Exercise prompt>
Pull every line containing "door" from the listing.

Exercise materials>

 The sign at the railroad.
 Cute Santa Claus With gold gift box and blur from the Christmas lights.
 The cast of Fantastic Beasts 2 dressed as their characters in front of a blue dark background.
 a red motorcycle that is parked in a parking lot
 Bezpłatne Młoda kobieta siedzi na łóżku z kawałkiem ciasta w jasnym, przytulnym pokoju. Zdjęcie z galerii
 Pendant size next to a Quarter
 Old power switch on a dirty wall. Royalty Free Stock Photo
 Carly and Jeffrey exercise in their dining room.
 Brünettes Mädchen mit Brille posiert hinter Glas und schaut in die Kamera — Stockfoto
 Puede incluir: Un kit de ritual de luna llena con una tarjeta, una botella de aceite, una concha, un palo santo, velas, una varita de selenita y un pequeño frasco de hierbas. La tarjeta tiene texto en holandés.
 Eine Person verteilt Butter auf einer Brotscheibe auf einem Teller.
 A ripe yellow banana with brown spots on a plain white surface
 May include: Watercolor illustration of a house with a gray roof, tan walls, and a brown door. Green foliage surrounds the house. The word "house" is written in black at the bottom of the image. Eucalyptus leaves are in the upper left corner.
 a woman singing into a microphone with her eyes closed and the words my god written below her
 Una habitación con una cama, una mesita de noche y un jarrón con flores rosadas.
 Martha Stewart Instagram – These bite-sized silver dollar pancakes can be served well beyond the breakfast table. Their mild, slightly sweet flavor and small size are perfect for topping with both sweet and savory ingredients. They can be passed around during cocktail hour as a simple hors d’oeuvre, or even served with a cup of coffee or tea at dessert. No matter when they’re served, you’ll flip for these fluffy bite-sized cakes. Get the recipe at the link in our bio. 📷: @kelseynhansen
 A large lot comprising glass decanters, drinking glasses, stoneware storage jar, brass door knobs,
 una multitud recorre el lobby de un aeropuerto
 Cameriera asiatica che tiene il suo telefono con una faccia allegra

Output of the exercise>
 May include: Watercolor illustration of a house with a gray roof, tan walls, and a brown door. Green foliage surrounds the house. The word "house" is written in black at the bottom of the image. Eucalyptus leaves are in the upper left corner.
 A large lot comprising glass decanters, drinking glasses, stoneware storage jar, brass door knobs,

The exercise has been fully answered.